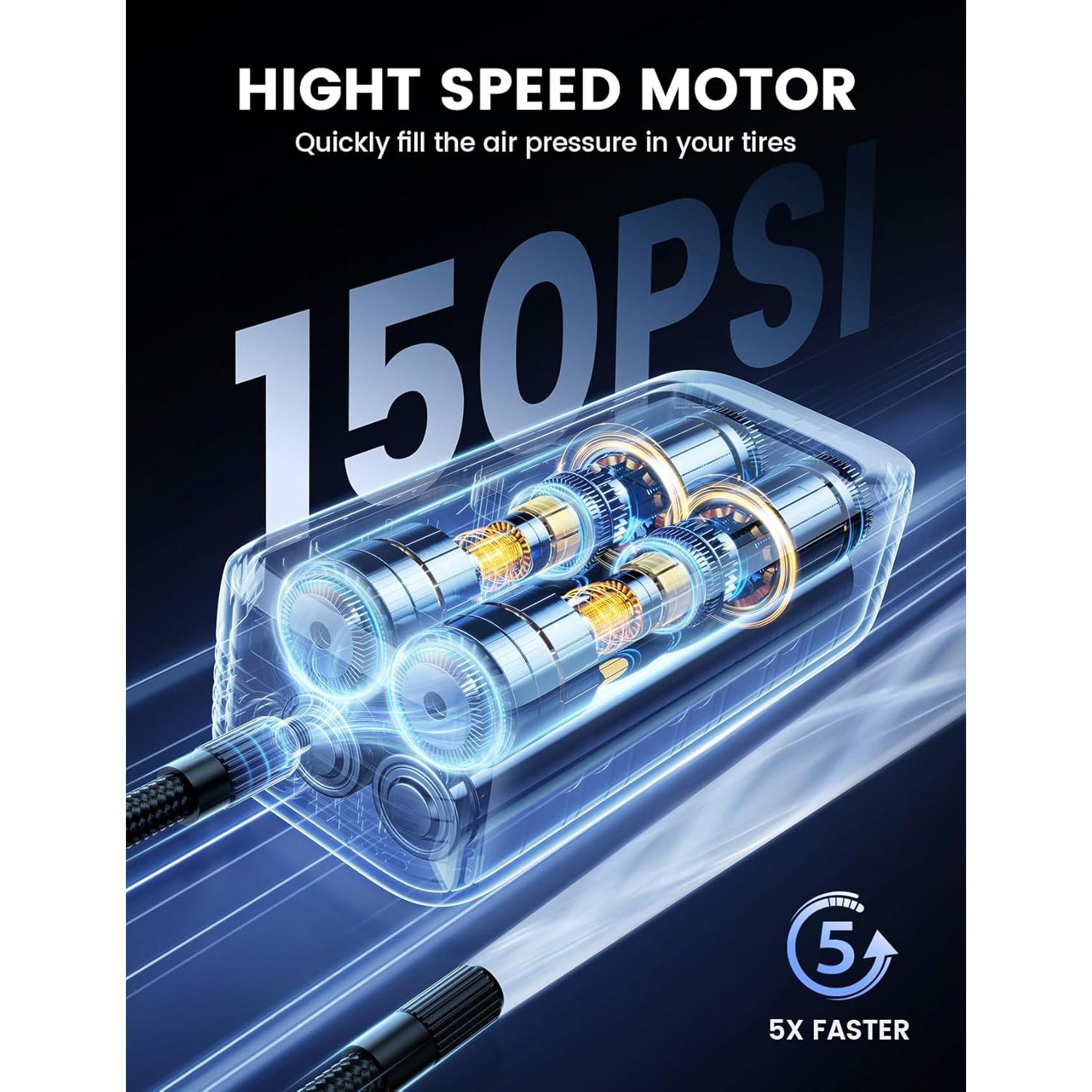 Compresor de Aire Portátil Lamicall VHEP03 150 PSI Batería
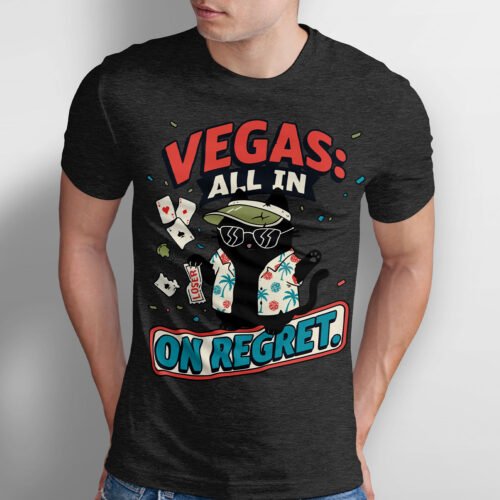 Black Scowl cat wearing a green visor and sunglasses holding a loser betting ticket, graphic tee design "Vegas All In On Regret" on a model.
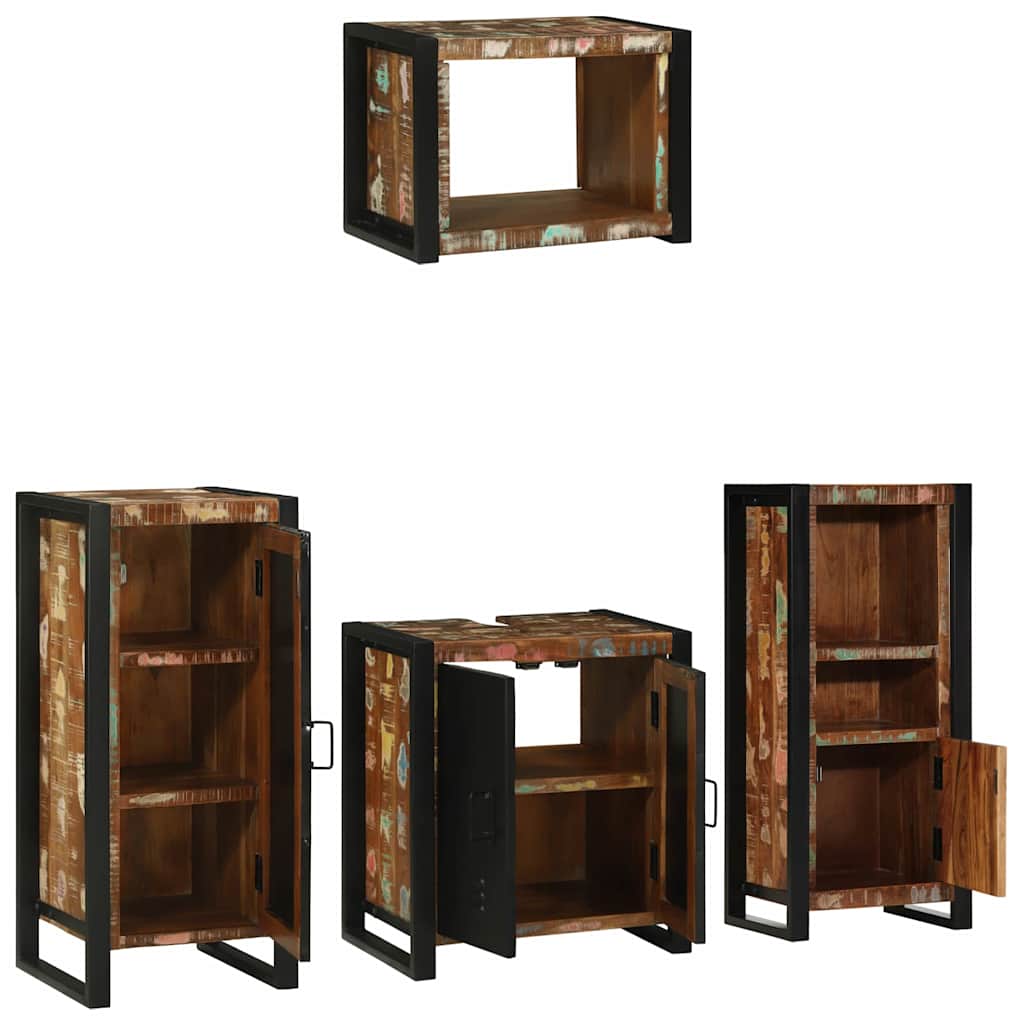 Badezimmermöbel-Set mit Regal 4 pcs Massives upgecyceltes Holz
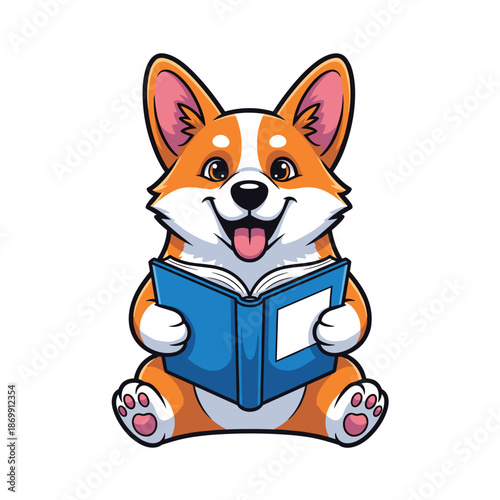 Cute Puppy Reading Book Illustration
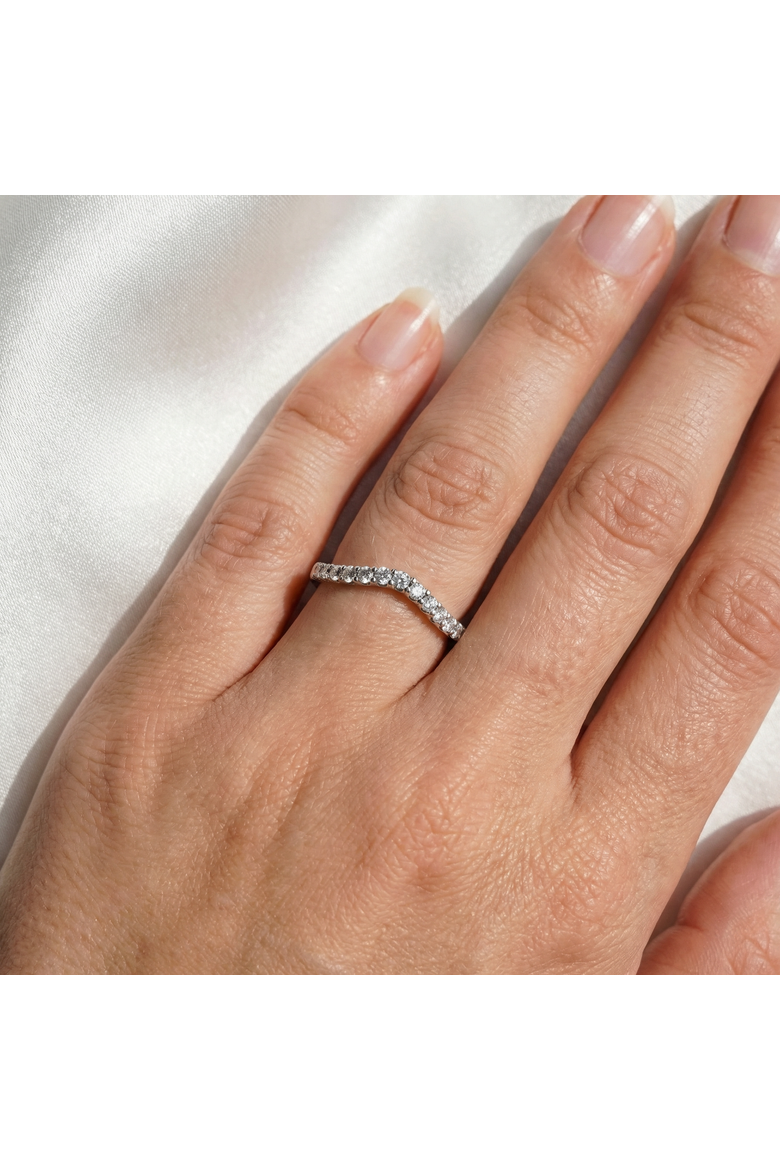 Curved Accent Diamond Guard Ring 14k Gold Lab Grown, Alternate, color, 14k Yellow Gold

▸ **GOAL OF THE EXERCISE**
An exact copy of each entry is required, minus the pictures.

▸ **RESULT FOR THIS EXERCISE**
 Compresor de Aire Portátil Lamicall VHEP03 150 PSI Batería
 Black Scowl cat wearing a green visor and sunglasses holding a loser betting ticket, graphic tee design "Vegas All In On Regret" on a model.
 Badezimmermöbel-Set mit Regal 4 pcs Massives upgecyceltes Holz
 Cute Puppy Reading Book Illustration
 Curved Accent Diamond Guard Ring 14k Gold Lab Grown, Alternate, color, 14k Yellow Gold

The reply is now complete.